Regarding the add_int intrinsic: every programming language at some point needs to step out of itself and explain how actual work gets done. Otherwise you’d have a turtles all the way down situation: if everything is generic functions calling other generic functions, how do you get to machine code? At some point you have to stop stacking turtles and actually do a hardware add operation. The add_int intrinsic is how you can tell Julia, “stop calling generic functions and just do a hardware add here.”

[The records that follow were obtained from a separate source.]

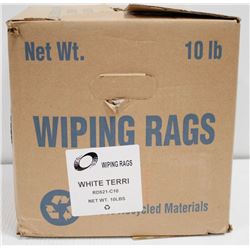 10LB BOX OF WHITE TERRY RAGS
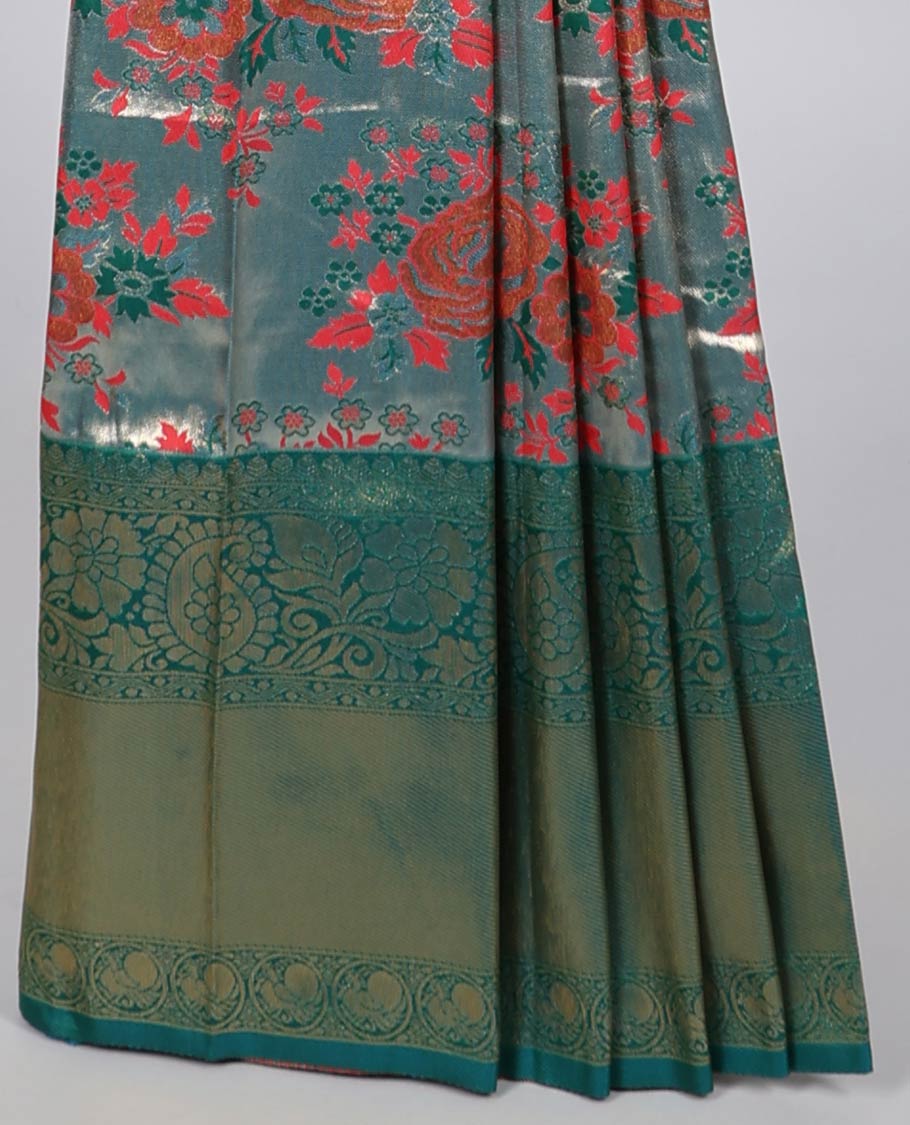 Green jacquard Semi banaras tissue saree, contrast traditional design border & intricately designed pallu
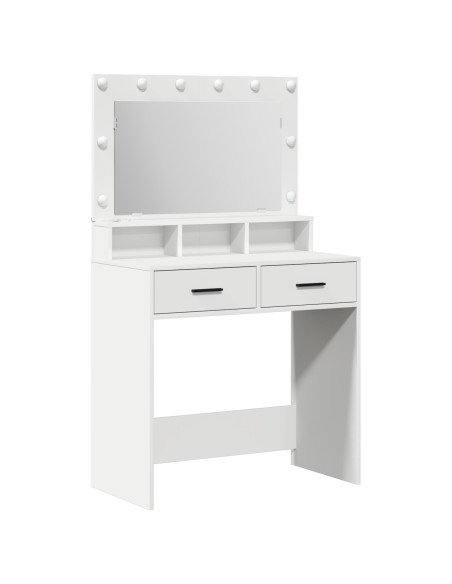 Toeletta  con luci LED, Bianca, 79x41x135 cm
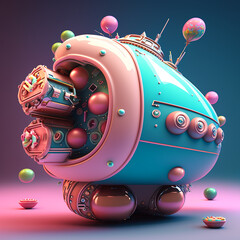 Candy spaceship in the park.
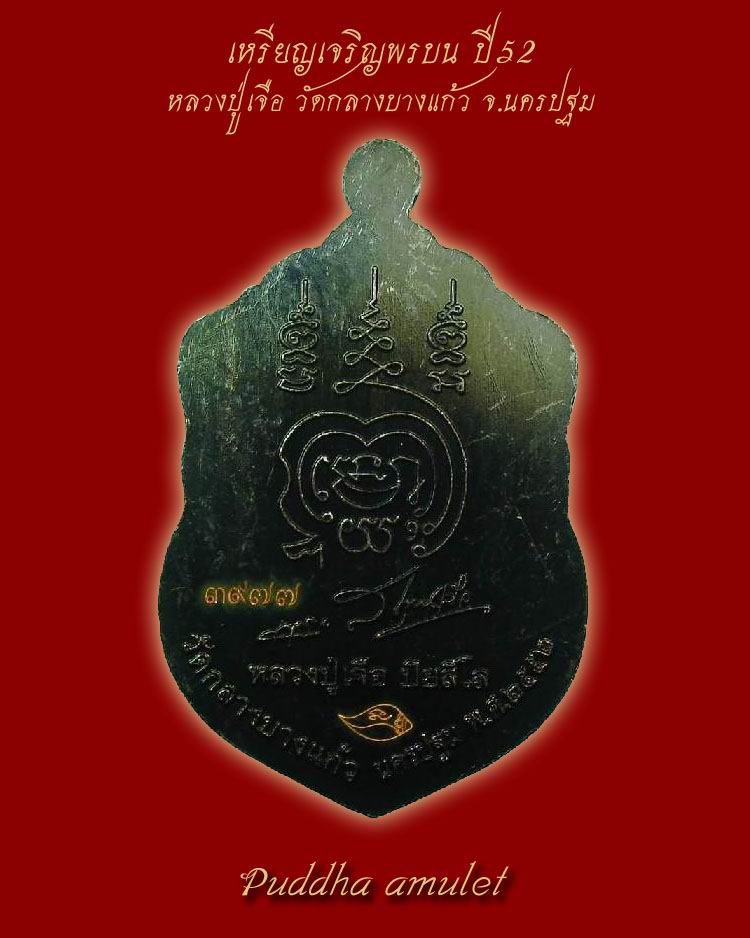 เหรียญเจริญพรบน ปี52 หลวงปู่เจือ วัดกลางบางแก้ว จ.นครปฐม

The sortperm function is no different than sum in this regard: it doesn’t use addition, but if you’re sorting a floating-point array, it will use Core.Intrinsics.lt_float to compare them and Core.arrayref and Core.arrayset to read and write array values. The latter two are built-in non-generic functions rather than intrinsics. Once upon a time, intrinsics were something that only code generation knew how to emit and didn’t have a runtime C implementation, whereas built-in functions only had a runtime callable C implementation and code gen didn’t know how to emit them. These days we have an interpreter which has runtime implementations of all intrinsics and the compiler now knows how to generate code for most (all?) built-ins. So that distinction is no longer really meaningful and only persists because it’s not really worth the time and effort to change it. Historically, however, that’s why there are both intrinsics and built-ins.

Users don’t generally have to call or know about built-ins or intrinsics (although they can) because all the operations they implement are available via generic functions like + that are exported from Base and which, unlike built-in functions or intrinsics, you can extend to your own types. From the normal Julia user’s perspective, it’s all just generic functions. But any programming language that does actual work needs to have some kind of primitive exit point where it can invoke machine code.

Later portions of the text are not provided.